Tras la reciente salida de Estados Unidos y Argentina de la Organización Mundial de la Salud (OMS), el presidente Javier Milei y el secretario de Salud de la administración de Donald Trump, Robert F. Kennedy Jr., anunciaron que buscarán crear un sistema de salud internacional “alternativo”. La decisión encendió las alarmas generando un fuerte debate en el ámbito sanitario.

Bajo este escenario, el Ministro de Salud de Mendoza, Rodolfo Montero, se manifestó una vez más en desacuerdo por la salida del país de la OMS y lanzó duras críticas al modelo de salud norteamericano.

“No estoy de acuerdo con la decisión de Argentina de dejar de formar parte de la OMS. Coordinar políticas públicas a nivel internacional y no aislarse del mundo es muy importante”, expresó el funcionario al ser consultado por El Sol.

En este sentido, manifestó la necesidad de que los países se pongan “de acuerdo en estándares, procedimientos, guías y buenas prácticas”.

Escepticismo sobre el “sistema alternativo” y el modelo de EE.UU.

Respecto a la propuesta de un sistema alternativo entre Estados Unidos y Argentina, Montero mostró escepticismo. “Creo que no hay nada muy sólido allá atrás”, afirmó. A su vez, desestimó la posibilidad de coordinar historias clínicas y, si bien celebró la idea de modelos alimenticios más saludables, consideró que, “por el momento, no hay nada concreto”.

Por otro lado, se refirió a la posibilidad de vender medicamentos argentinos a Estados Unidos: “Normalmente, nuestros remedios valen más caros que los de la primera marca. No hay un mercado genérico en la Argentina, representa el 2 o 3%. Difícilmente podremos entrar en un mercado como el norteamericano”.

Así funciona el sistema de salud en Estados Unidos

El ministro de Salud fue enfático en su crítica al sistema de salud estadounidense como modelo a seguir, explicando su funcionamiento y sus falencias.

“El sistema de salud de Estados Unidos no es un ejemplo a mirar. Es de los más ineficientes que existen“, sentenció.

Detalló que, si bien en Estados Unidos “gastan el 17% de su producto bruto, más o menos 10/ 11 mil dólares por año por persona”, obtienen “los peores resultados” en términos de salud pública. Esta paradoja se debe, según el ministro, al “gran peso que tiene el sector privado de la salud en Estados Unidos”.

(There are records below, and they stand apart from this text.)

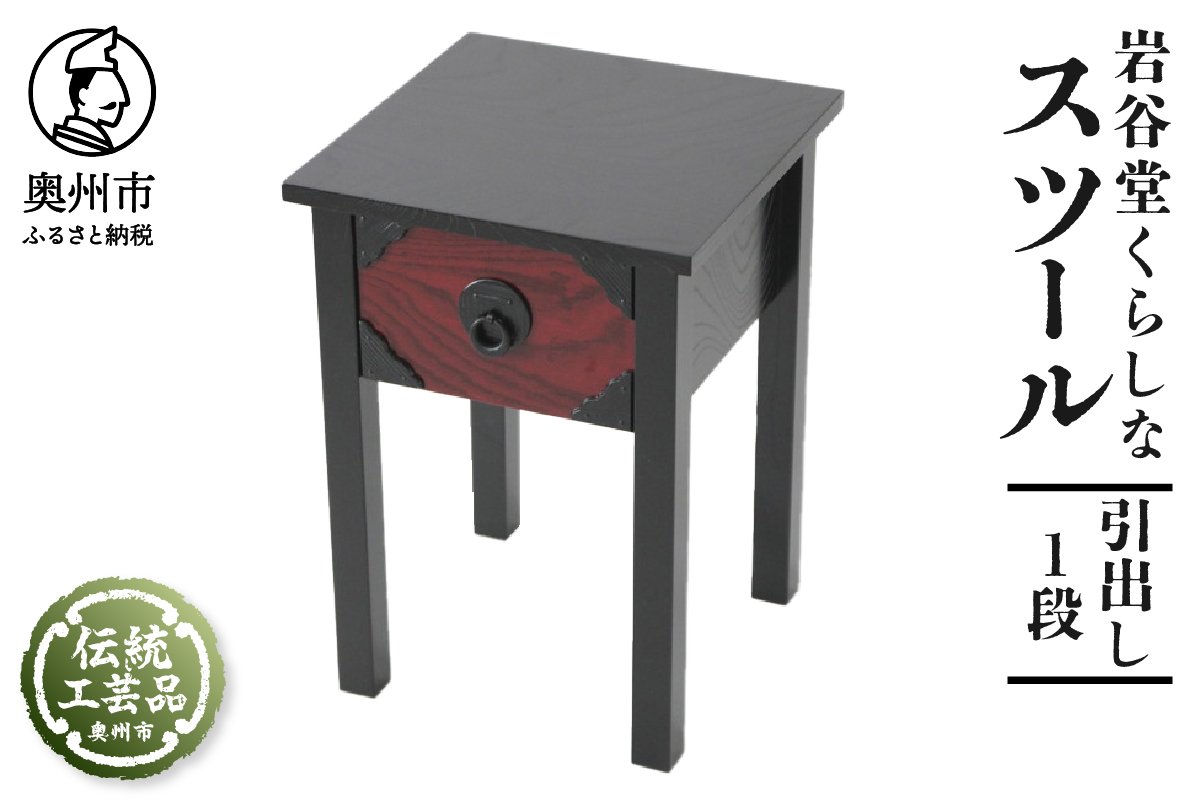 岩谷堂くらしな スツール（引出し 1段） 岩谷堂箪笥職人製作 伝統工芸品 モダンな和家具 和タンス インテリア 日本製（岩手県奥州市産） [GT028]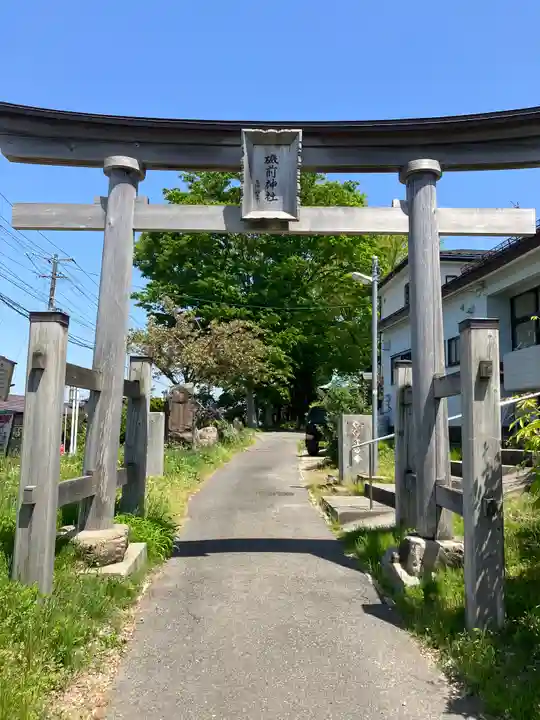 磯前神社(秋田県)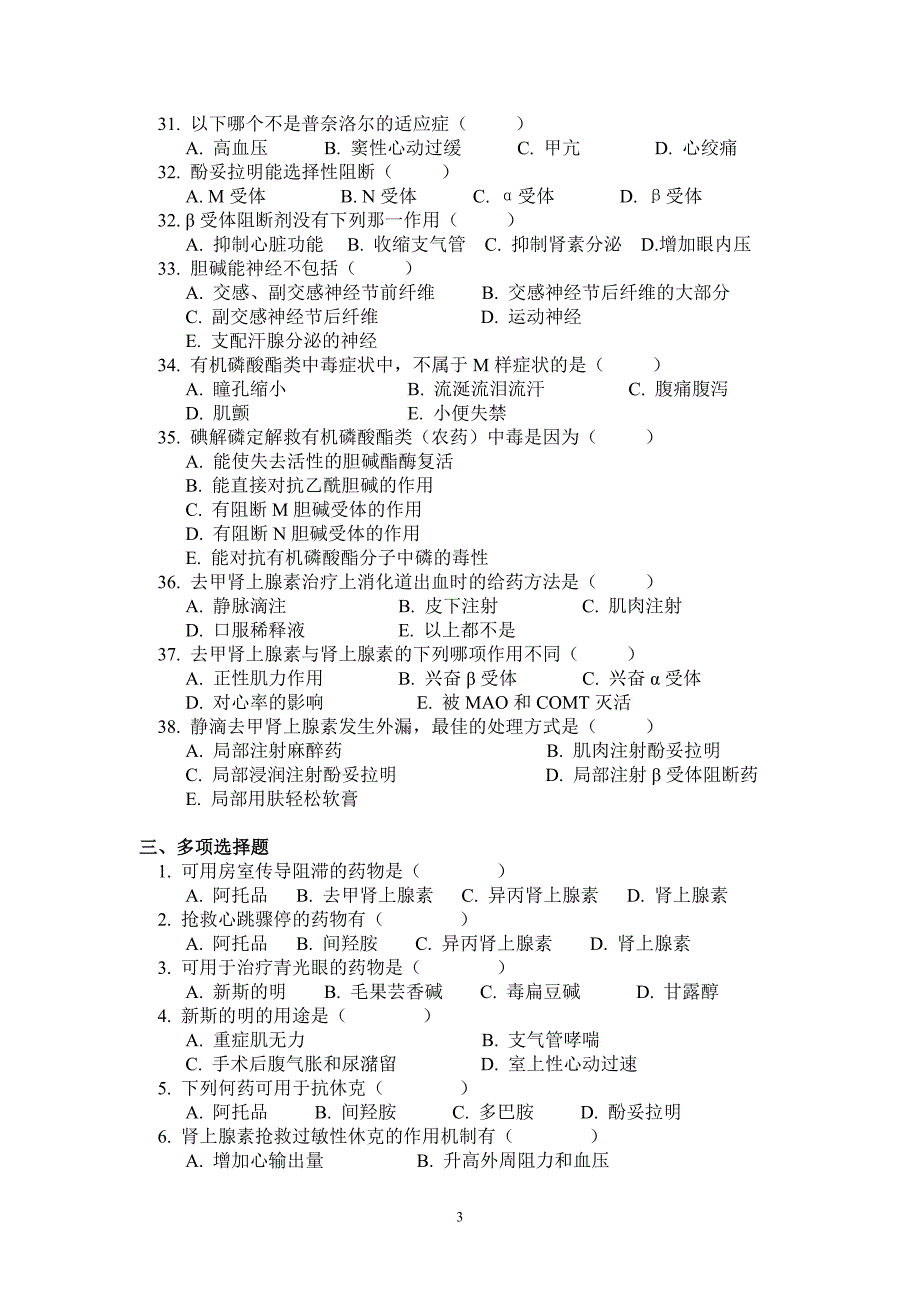 传出神经系统药理练习题.doc_第3页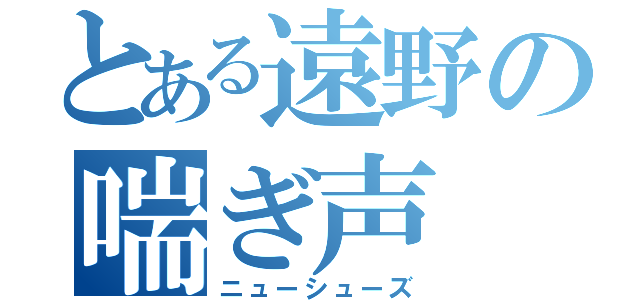 とある遠野の喘ぎ声（ニューシューズ）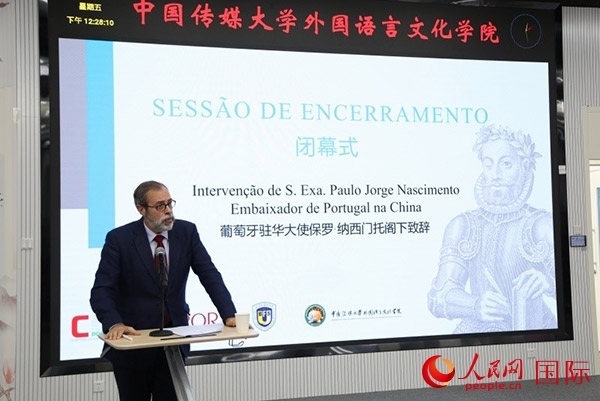 葡萄牙駐華大使保羅·納西門托在閉幕式致辭。 人民網(wǎng)記者 張榮攝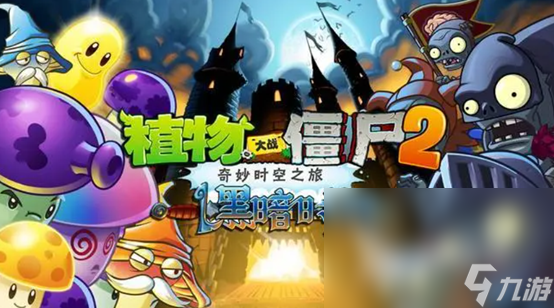 2019年最佳游戏有哪些 高人气的2019年游戏合集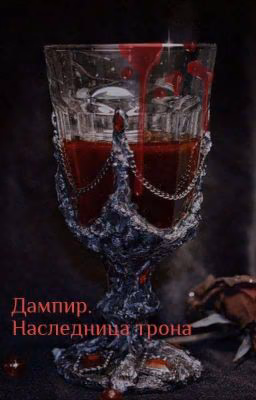 дампир. Наследница трона.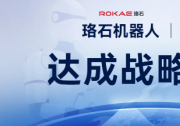 珞石机器人与舍弗勒达成战略合作，共筑具身智能产业新生态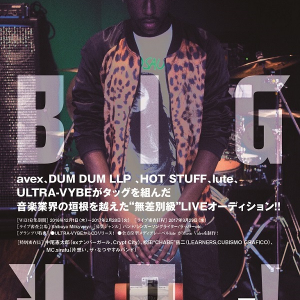 ”無差別級”バンド・オーディション「TOKYO BIG UP!」2月いっぱいまで募集中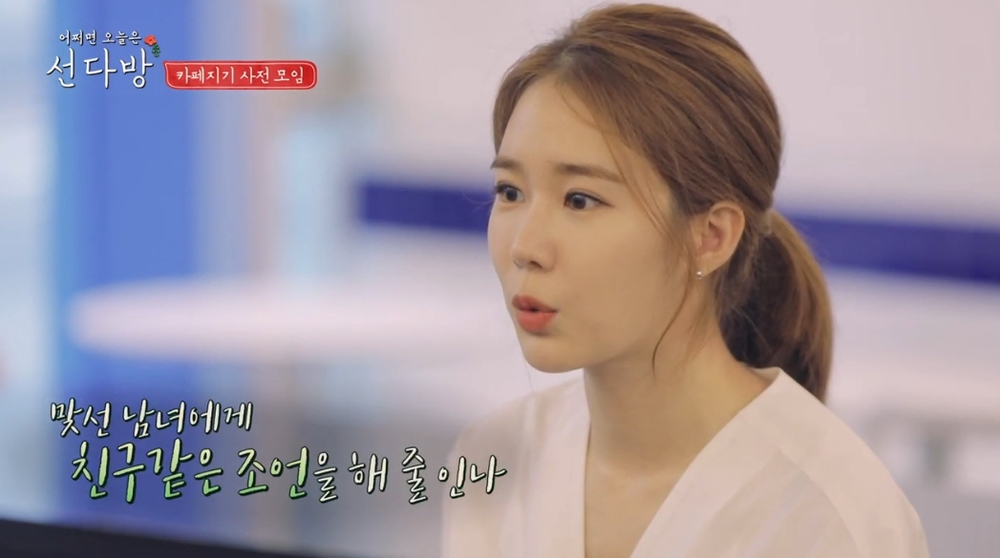 짝다방 이미지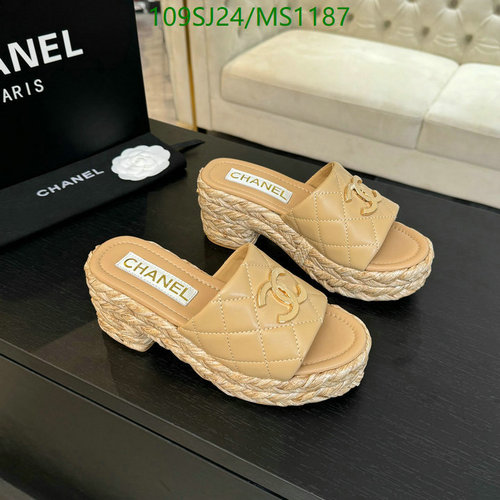 Chanel Women's Quilted Sheepskin Espadrille Platform Slides - Luxurious & Chic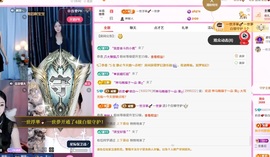 奶思💕的图片
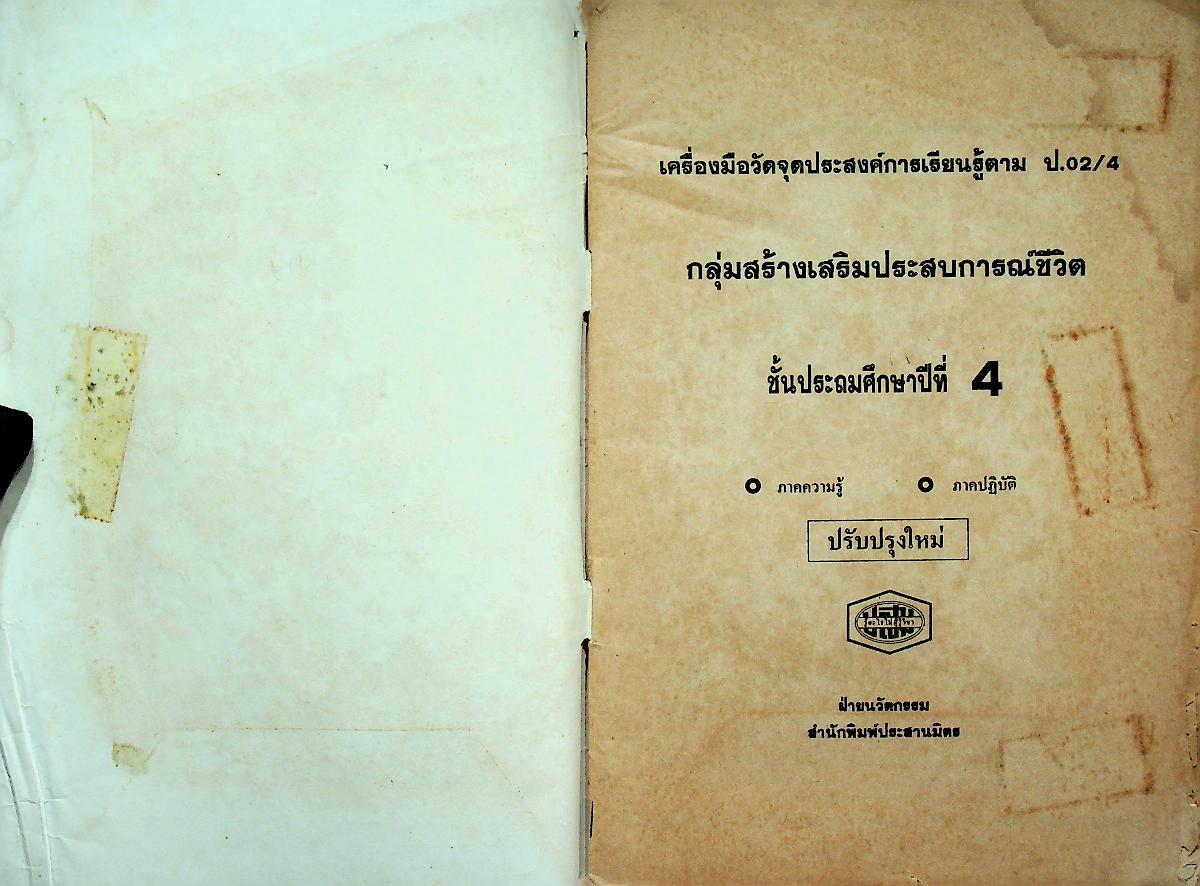 เฉลย เครื่องมือวัดจุดประสงค์การเรียนรู้ตาม ป.02/4 กลุ่มสร้างเสริมประสบการณ์ชีวิต 4 ชั้นประถมศึกษาปีที่ 4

Explicó que “normalmente, cuanto más peso tiene el sector privado en salud, más ineficiente se transforma el sistema”.

En contraste, señaló que “los países europeos, por ejemplo, invierten 9, 10 puntos de su producto bruto y en términos nominales, 4 o 5 mil dólares, o sea, la mitad por persona por año, y tienen muchos mejores resultados”, al contar con “mucho más peso del sector público”.

Compra de medicamentos

El ministro reconoció que la pandemia de COVID-19 expuso “muchos fracasos de la OMS“, pero al mismo tiempo “dejó en claro que tuvo la necesidad de colaborar, aunque muchos países decidieron no hacer caso a las recomendaciones”.

No obstante, no esquivó la crítica a la entidad internacional: “Independientemente de su debilidad, de la burocracia que tienen esas organizaciones, se han excedido y entonces terminan siendo nada, porque quieren quedar bien con todo el mundo”.

En otro punto, consideró que “la provincia no se verá afectada directamente al mantener su vínculo con la Organización Panamericana de Salud (OPS), uno de los organismos intervinientes a la hora de realizar la compra de medicamentos importados“, los cuales se seguirán comprando.